How to parallelize across CPU cores?

Nevin · January 29, 2025, 10:40pm

I have an optimization problem that is currently single-threaded, and I want to parallelize it across however many CPU cores are available. I don’t have much experience with multithreading, and I’d like to learn how this ought to be done.

The setup is, essentially, I have a list of items and I need to find the lowest-cost group of those items that meets certain requirements. It looks something like this:

struct GroupFinder {
  var items: [Item]
  var bestGroupYet: ItemGroup? = nil
  
  mutating func findBestGroup() {
    for item in items {
      findBestGroupStartingWith(item)
    }
  }
  
  ...
}

The value of bestGroupYet gets updated whenever an acceptable group with lower cost is found. This lowest-cost-yet is used throughout the search to prune away entire branches of the search tree. The calls to findBestGroupStartingWith are nearly independent of each other, except for checking the current lowest cost.

There may be thousands of items in the array, but I don’t want them all trying to run at the same time and thrashing back and forth, only as many as the available CPU cores. I have seen this thread, but there the subproblems were entirely independent with no shared mutable state, and the number of parallel tasks was hard-coded.

So, what’s a good approach for me to take here?

vanvoorden · January 29, 2025, 10:45pm

For the most part… it's not usually the job of the product engineer to need to think about cores… it's usually the job of the infra engineer to get the work and the infra is where the decision is made how many cores perform that work. That's been the mental model going back to GCD. Modern concurrency tools are an abstraction layer on top of threads and cores.

If you really do want to have the level of control to specify details like number of cores… you can. But is that really what you care about? Or is what you care about performing this work concurrently in a way that the infra can make those specific decisions on your behalf?

Nevin · January 29, 2025, 10:48pm

I very much do not want to manually deal with the number of cores. I want to tell the Swift compiler “please make this use all available cores”.

David_Smith · January 29, 2025, 10:58pm

I think step 1 is to benchmark and profile your code (use the "time profiler" tool in Instruments). N = ~thousands is still firmly in the realm of "might actually be faster to do on one thread", albeit possibly after optimizing findBestGroupStartingWith a bit.. Typically the threshold for "worth parallelizing" is more than 1ms or so of work.

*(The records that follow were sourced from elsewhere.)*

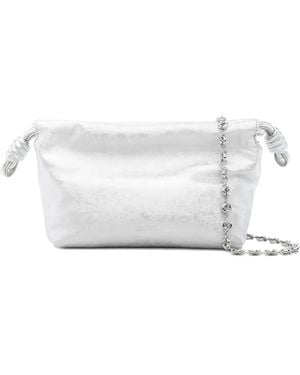 Loewe Pochette À Détail De Nœud - Blanc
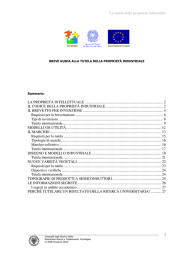 Breve guida alla tutela della Proprietà Industriale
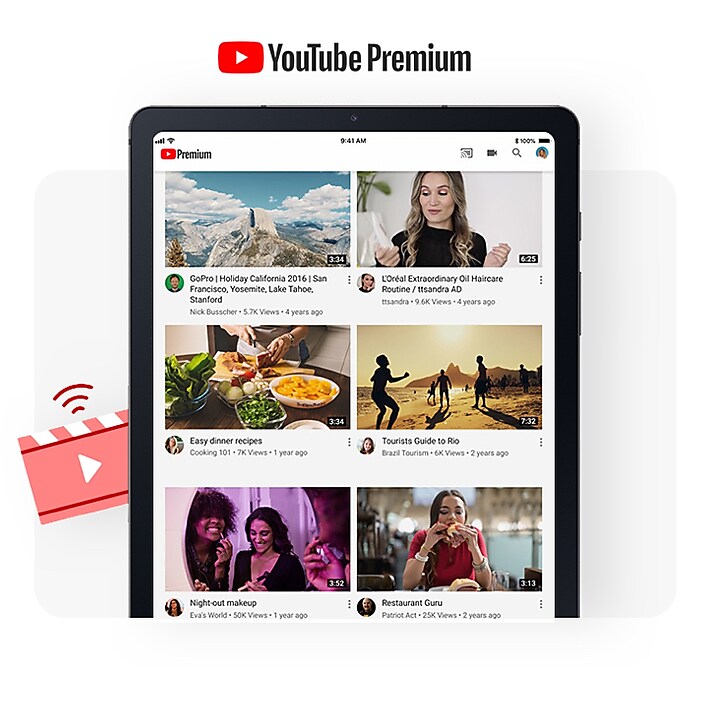 Ad-free YouTube included Ad-free YouTube included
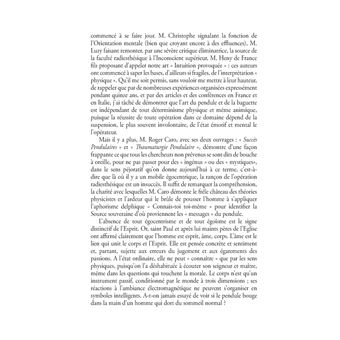 Cours de thaumaturgie en sept leçons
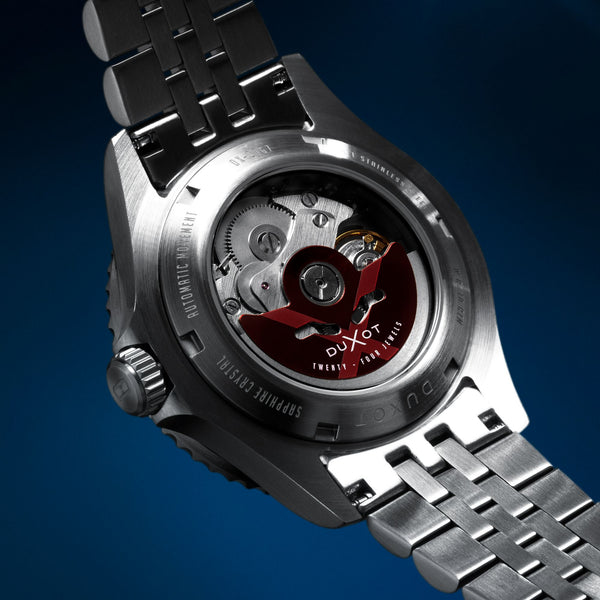 Duxot Atlantica Skeleton Diver Automatic Dive Blue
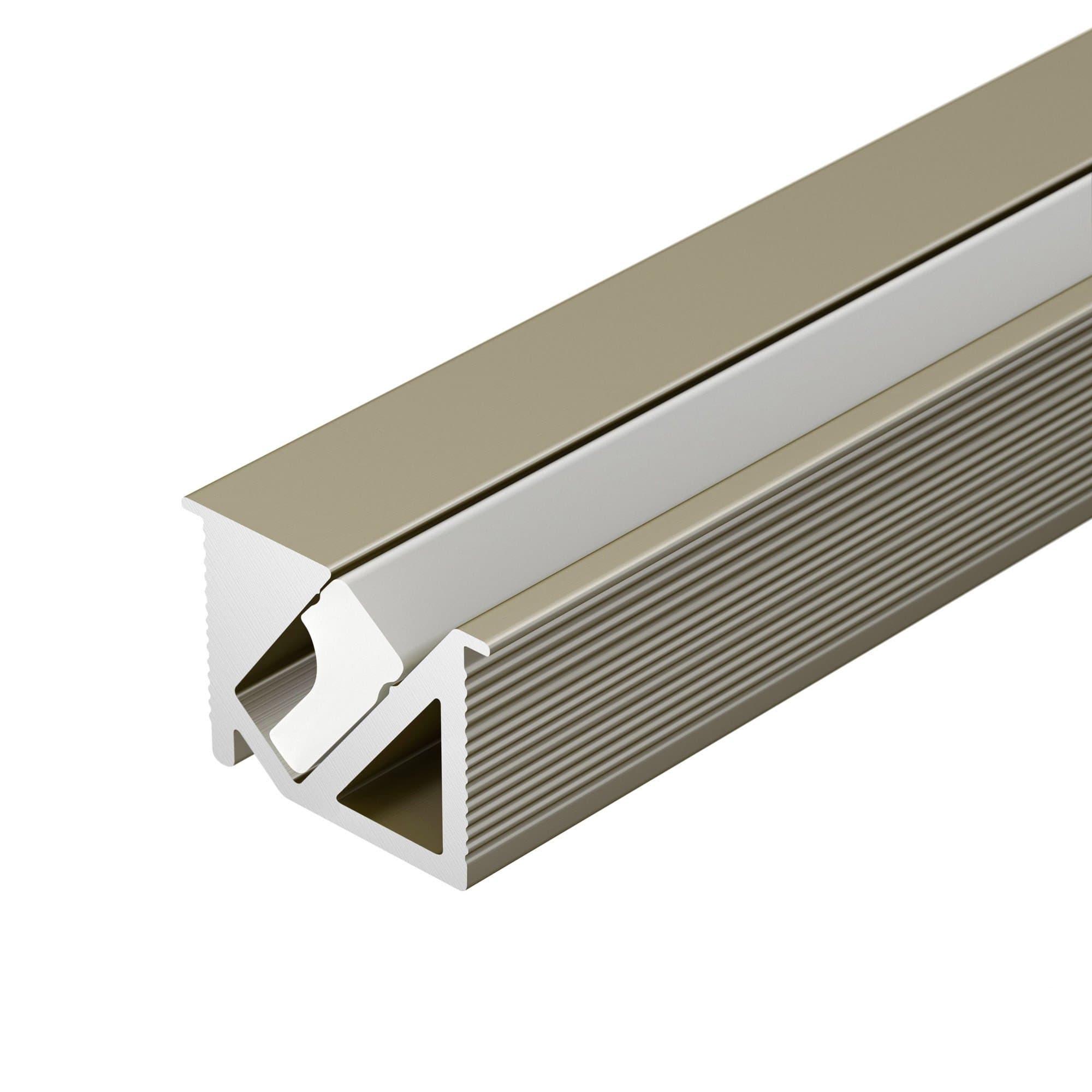 Arlight Профиль SL-BEVEL-H10-F14-2000 ANOD СHAMPAGNE (Алюминий) 038200 — миниатюра 1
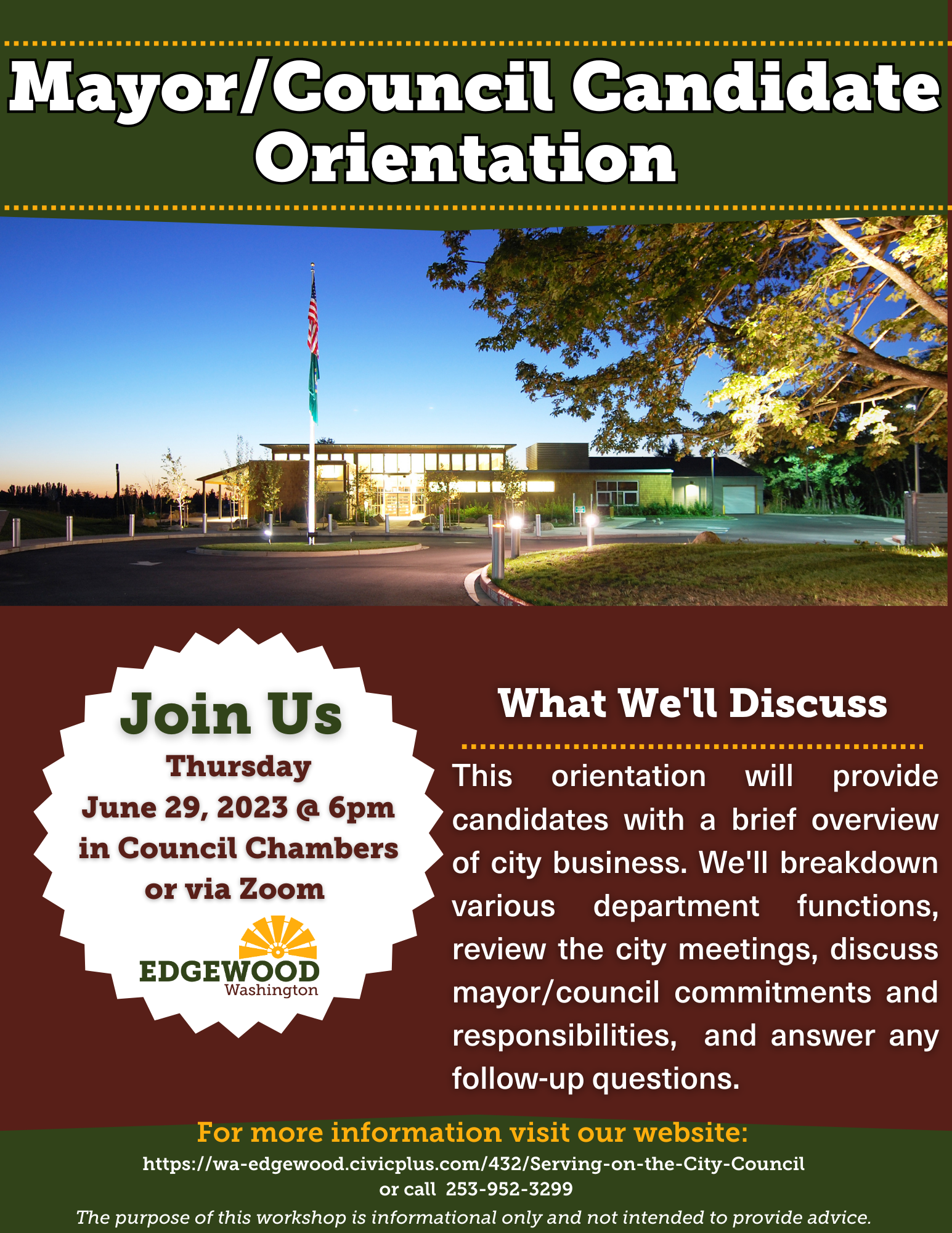 Mayor Council Candidate Orientation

However, assuming you do in fact have enough to be worth parallelizing, I would suggest a map-reduce style approach:

Split the array into chunks (ideally in a low overhead way, may not be trivial to get this right)
Have a bestGroupYet for each chunk
Use a TaskGroup or DispatchQueue.concurrentPerform to run a copy of findBestGroupStartingWith for each chunk
Take all the bestGroupYets and run findBestGroupStartingWith on those to find the best of the best

One challenge will be deciding on the appropriate chunk size. Too big and you'll leave cores idle, too small and you'll waste overhead when dealing with smaller arrays. One strategy you could use is to benchmark your single threaded loop and determine how many items are required to exceed 1ms of work, and then split into chunks around that size.

vanvoorden · January 29, 2025, 11:00pm

There might be some clues in here… my takeaway is that "overcommitting" threads and "thread explosion" is less of a concern in Swift Concurrency than it might have been in earlier tools like GCD.

vanvoorden · January 29, 2025, 11:05pm

These are all good ideas… and I think we can also agree there is an implicit step "zero": optimize and audit the original algorithms. Concurrency tools are great… but if you have an accidental quadratic hiding there — and that's me speaking from experience — then try to optimize that first.

That's what I was thinking… what kind of work is that doing? Is that a linear time algorithm?

Nevin · January 29, 2025, 11:43pm

I have already spent weeks optimizing the underlying algorithm. It boils down to an exact-cover problem, which is NP-complete. I started with the published algorithms for such problems, and they were far too slow. We’re talking age-of-the-universe runtime for the problem sizes I’m dealing with.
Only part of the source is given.